KasCuddle KAL Step 3

by Dawne on September 22, 2010

More from Helen, our fearless KAL leader.  (Thank you Helen!)

Time to join the collar so we can knit in the round for the body of the KasCuddle!

To complete this joining, you need to grasp your circular needle and bring the two edges of the collar side by side as in the photo.  When you look at the row of knitting in front of you, make sure the first two stitches are knit stitches, not purl stitches. If they are purl stitches, knit another row in ribbing.  Knit stitches will come first when you turn your knitting to begin the joining.
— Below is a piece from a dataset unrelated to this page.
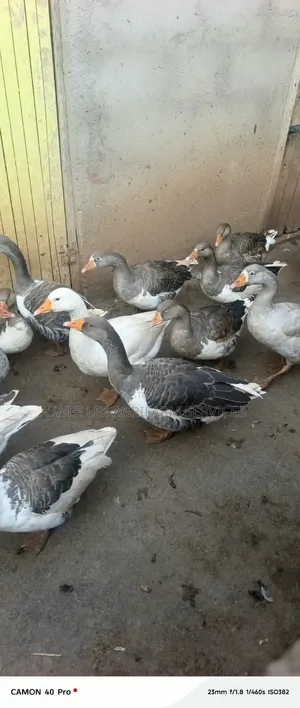 Chinese Geese - Mature Breeding Pair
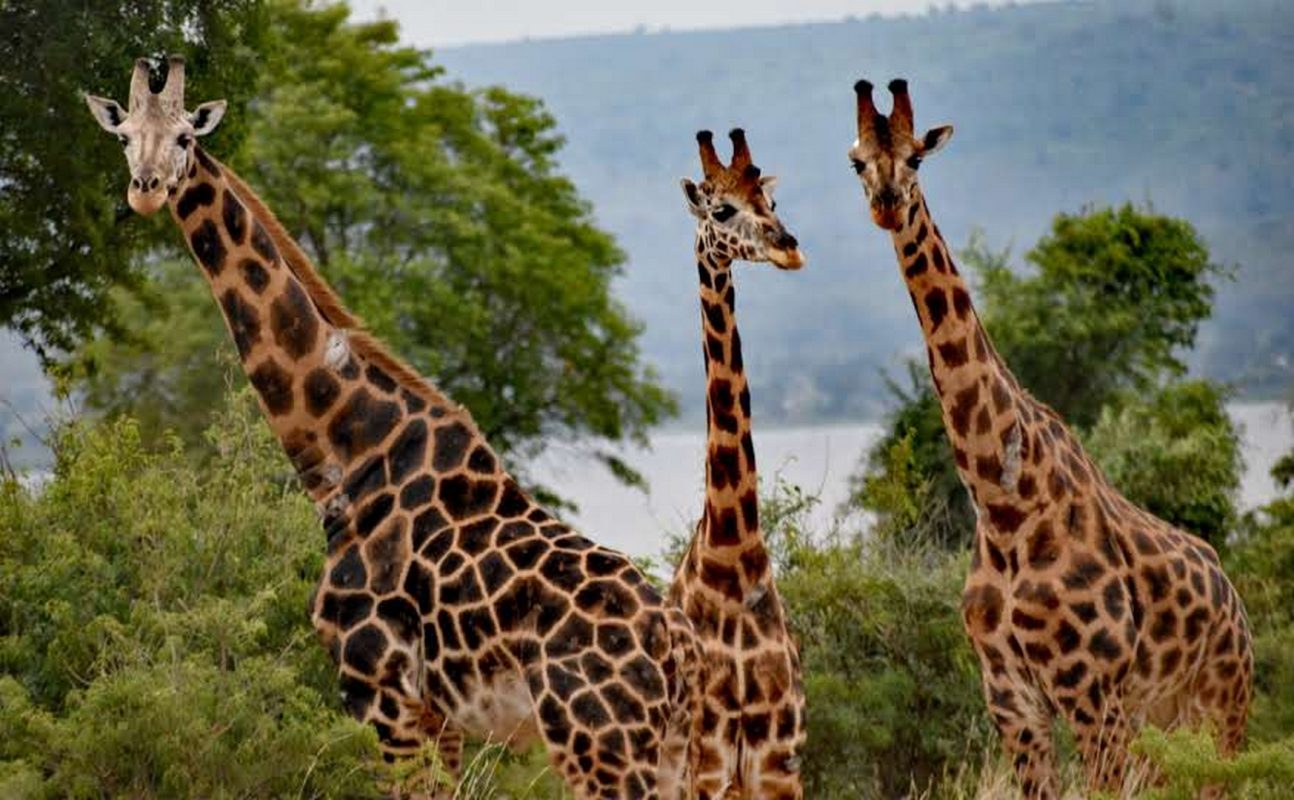 Lake Mburo National Park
Step 3: joining the collar

The reason for this is that when you knit the two pieces together, if you start with a purl stitch the stitch seems to really pull and enlarge.  It is easier to begin the joining with a knit stitch, and the stitch will not pull and gap so much.  Pull the stitches tight as you begin to knit.  You will only use the knit stitch in this stage because the collar is finished.  You are finished with purling.

The knit stitch is the only stitch you will use for the rest of the KASCuddle.  Knit for 25 more inches, to complete the body of the Cuddle.  At that point you’ll be ready to bind-off.  There will be one more post with links to various options for finishing the KasCuddle; it’ll be entirely up to you which way you choose.

Feeling the love of stripes?  Click here to read how Helen added stripes to her Cuddle.

{ 24 comments… read them below or add one }

Paula September 22, 2010 at 14:41

Do we knit the collar together now? Or are we just putting it together, I’m new at circular needles…I’m now confused.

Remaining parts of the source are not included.